New Research Reveals Potential Risk to Insured Depositors in Nearly 190 US Banks

Research by scholars has revealed that the recent rise in interest rates has left almost 190 banks in the US potentially at risk of impairment to insured depositors.

The study, which analyzed US banks’ asset exposure, found that 10% of banks have larger unrecognized losses than those at Silicon Valley Bank (SVB), which recently failed. This means that if even half of uninsured depositors decide to withdraw, almost 190 banks are at risk of insolvency, potentially putting $300 billion of insured deposits at risk.

The study also revealed that the US banking system’s market value of assets is $2 trillion lower than suggested by their book value of assets accounting for loan portfolios held to maturity. This is due to marked-to-market bank assets declining by an average of 10% across all banks, with the bottom 5th percentile experiencing a decline of 20%.
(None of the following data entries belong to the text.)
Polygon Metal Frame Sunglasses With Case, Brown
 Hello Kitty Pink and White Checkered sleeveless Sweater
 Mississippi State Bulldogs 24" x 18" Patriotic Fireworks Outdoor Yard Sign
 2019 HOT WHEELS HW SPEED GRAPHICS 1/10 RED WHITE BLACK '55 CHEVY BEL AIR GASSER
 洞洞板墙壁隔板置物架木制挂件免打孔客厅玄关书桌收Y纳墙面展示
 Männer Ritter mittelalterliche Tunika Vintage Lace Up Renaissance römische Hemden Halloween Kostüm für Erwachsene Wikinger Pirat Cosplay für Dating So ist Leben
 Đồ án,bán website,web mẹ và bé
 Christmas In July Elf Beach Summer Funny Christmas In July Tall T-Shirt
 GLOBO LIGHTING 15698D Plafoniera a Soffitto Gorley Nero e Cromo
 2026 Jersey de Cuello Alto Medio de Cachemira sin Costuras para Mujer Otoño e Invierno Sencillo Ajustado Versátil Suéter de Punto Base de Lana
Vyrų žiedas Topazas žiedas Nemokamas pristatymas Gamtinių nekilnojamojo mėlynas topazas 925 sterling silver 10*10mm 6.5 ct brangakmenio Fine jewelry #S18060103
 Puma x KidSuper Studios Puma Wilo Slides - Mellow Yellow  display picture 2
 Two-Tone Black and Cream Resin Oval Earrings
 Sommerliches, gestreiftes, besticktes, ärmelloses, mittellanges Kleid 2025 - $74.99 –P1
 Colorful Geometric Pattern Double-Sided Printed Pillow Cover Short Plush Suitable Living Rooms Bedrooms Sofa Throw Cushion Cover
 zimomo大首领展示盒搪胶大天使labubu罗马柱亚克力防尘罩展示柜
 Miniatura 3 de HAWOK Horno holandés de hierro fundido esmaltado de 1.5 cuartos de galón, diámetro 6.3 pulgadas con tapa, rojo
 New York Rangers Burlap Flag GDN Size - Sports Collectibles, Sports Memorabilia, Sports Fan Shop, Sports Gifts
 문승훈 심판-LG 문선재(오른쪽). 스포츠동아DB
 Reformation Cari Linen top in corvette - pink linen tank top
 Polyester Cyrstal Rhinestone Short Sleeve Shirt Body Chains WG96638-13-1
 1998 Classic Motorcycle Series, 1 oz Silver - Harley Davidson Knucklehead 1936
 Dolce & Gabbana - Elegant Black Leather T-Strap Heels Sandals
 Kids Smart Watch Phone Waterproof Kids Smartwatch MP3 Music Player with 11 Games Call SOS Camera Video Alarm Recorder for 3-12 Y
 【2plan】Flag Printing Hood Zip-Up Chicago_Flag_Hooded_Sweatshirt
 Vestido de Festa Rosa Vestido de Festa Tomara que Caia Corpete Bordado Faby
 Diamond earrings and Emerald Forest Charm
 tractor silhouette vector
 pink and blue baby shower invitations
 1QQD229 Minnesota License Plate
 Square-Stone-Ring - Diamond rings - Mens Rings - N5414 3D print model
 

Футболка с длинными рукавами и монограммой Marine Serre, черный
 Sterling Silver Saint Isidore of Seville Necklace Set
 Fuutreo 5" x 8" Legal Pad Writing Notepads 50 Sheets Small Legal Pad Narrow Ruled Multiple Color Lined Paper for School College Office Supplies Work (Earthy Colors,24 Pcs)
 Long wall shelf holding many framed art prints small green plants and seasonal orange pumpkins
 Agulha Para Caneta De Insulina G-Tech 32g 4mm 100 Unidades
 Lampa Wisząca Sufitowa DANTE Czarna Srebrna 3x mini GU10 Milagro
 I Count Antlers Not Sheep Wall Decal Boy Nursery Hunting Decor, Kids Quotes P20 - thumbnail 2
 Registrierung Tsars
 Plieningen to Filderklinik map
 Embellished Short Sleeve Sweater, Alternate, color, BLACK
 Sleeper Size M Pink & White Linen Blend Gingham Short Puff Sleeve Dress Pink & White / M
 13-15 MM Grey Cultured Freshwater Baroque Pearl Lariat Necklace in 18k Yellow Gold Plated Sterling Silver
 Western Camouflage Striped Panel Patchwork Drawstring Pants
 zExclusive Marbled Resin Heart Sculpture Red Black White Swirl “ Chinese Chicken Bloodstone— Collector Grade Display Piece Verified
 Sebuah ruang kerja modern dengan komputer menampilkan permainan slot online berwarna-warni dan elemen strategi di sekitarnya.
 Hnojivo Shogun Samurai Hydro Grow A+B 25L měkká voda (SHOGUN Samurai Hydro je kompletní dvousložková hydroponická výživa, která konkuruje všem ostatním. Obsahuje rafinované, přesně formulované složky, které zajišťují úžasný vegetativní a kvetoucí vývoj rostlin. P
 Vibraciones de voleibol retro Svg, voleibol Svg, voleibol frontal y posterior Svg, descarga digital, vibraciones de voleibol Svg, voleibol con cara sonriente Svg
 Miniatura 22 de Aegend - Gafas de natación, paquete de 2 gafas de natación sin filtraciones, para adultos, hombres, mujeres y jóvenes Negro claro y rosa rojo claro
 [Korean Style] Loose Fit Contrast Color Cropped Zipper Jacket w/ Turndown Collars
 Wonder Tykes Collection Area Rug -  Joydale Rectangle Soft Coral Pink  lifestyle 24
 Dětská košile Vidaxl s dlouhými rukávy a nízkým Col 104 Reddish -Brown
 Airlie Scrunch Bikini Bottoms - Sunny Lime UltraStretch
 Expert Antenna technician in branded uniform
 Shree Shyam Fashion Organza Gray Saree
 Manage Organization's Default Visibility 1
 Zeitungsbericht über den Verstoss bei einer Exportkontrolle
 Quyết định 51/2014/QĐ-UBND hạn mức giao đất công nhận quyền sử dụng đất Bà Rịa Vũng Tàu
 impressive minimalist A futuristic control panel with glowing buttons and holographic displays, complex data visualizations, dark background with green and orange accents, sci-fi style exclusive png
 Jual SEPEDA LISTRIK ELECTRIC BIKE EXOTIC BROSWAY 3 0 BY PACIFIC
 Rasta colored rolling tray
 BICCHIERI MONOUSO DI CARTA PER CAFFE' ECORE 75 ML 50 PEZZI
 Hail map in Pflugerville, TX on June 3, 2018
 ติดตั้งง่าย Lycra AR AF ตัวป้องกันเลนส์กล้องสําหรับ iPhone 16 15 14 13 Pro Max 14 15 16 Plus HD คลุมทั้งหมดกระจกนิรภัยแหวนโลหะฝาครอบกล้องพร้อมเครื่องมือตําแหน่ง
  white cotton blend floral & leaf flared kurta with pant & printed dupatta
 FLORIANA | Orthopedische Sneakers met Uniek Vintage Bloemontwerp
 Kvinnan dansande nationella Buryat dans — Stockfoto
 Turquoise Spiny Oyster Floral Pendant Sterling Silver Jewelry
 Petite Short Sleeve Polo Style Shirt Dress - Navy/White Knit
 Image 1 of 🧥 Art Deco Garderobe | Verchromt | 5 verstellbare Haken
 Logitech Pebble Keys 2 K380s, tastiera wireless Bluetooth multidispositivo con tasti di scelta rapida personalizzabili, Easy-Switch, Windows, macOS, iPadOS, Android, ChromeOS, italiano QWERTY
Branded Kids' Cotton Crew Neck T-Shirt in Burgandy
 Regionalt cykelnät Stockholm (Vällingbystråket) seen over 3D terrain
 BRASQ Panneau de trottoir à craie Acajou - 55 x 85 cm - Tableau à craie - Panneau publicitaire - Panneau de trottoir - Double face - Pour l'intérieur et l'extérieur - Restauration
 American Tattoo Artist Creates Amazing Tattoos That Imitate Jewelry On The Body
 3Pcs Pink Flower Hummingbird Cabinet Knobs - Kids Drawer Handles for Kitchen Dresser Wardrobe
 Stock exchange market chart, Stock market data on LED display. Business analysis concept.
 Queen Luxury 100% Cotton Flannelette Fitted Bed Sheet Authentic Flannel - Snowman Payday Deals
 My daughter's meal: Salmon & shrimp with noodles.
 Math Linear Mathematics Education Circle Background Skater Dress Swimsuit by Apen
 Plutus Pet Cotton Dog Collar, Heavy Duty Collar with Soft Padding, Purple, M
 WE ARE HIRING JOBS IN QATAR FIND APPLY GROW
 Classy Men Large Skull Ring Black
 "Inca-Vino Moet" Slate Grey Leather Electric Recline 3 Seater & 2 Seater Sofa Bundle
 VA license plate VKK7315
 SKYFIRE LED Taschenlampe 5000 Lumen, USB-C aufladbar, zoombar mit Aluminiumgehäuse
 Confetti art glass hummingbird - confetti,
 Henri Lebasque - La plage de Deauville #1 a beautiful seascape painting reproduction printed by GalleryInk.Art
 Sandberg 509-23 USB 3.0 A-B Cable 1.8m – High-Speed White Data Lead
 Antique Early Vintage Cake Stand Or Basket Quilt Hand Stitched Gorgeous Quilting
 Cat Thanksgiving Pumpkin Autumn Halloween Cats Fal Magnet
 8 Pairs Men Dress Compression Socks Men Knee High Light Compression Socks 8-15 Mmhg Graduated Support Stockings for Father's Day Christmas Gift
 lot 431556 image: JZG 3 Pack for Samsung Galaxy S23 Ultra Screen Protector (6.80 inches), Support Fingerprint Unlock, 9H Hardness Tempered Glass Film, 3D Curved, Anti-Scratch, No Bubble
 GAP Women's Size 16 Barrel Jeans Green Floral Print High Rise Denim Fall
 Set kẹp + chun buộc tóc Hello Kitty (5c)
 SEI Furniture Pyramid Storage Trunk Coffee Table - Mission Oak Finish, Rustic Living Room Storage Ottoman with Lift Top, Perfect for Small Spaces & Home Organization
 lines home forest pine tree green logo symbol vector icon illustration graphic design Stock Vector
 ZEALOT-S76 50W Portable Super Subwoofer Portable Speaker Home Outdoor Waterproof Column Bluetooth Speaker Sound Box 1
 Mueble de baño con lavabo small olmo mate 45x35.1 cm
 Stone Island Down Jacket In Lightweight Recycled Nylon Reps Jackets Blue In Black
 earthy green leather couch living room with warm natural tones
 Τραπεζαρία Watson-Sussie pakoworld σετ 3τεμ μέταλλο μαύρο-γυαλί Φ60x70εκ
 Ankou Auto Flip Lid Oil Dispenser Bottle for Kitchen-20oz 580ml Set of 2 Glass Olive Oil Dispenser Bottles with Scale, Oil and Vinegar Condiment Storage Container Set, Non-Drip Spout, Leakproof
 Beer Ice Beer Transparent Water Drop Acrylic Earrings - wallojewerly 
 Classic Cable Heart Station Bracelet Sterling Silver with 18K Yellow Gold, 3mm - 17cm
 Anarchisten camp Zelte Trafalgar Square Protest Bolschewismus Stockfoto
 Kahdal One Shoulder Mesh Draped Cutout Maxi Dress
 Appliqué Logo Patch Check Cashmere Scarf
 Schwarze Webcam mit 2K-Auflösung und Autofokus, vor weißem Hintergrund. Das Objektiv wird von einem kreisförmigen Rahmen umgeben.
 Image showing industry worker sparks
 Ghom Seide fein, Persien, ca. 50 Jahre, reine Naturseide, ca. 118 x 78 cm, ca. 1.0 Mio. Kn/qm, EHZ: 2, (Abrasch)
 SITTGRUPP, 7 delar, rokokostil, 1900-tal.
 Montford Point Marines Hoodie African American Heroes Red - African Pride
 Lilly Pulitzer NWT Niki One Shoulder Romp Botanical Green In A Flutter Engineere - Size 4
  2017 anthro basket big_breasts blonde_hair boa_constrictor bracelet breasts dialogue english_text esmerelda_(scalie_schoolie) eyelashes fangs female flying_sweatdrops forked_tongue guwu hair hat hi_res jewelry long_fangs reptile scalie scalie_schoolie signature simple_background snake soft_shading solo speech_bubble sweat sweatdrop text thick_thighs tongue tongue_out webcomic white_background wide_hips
Uninsured leverage (i.e., Uninsured Debt/Assets) was identified as the key to understanding whether these losses would lead to some banks in the US becoming insolvent. Unlike insured depositors, uninsured depositors stand to lose a part of their deposits if the bank fails, potentially giving them incentives to run. A case study of SVB showed that losses and uninsured leverage provide incentives for an uninsured depositor run. SVB was not the worst capitalized bank, with 10% of banks having lower capitalization than SVB. However, SVB had a disproportional share of uninsured funding, with only 1% of banks having higher uninsured leverage.

The researchers computed similar incentives for the sample of all US banks. Even if only half of uninsured depositors decide to withdraw, almost 190 banks are at risk of impairment to insured depositors, with potentially $300 billion of insured deposits at risk. If uninsured deposit withdrawals cause even small fire sales, substantially more banks are at risk. Overall, these calculations suggest that recent declines in bank asset values have significantly increased the fragility of the US banking system to uninsured depositor runs.

The study’s findings highlight the importance of monitoring the banking system’s vulnerability to uninsured depositor runs, particularly in the context of monetary tightening. It also underscores the need for policymakers to take measures to mitigate potential risks to the financial stability of the US banking system.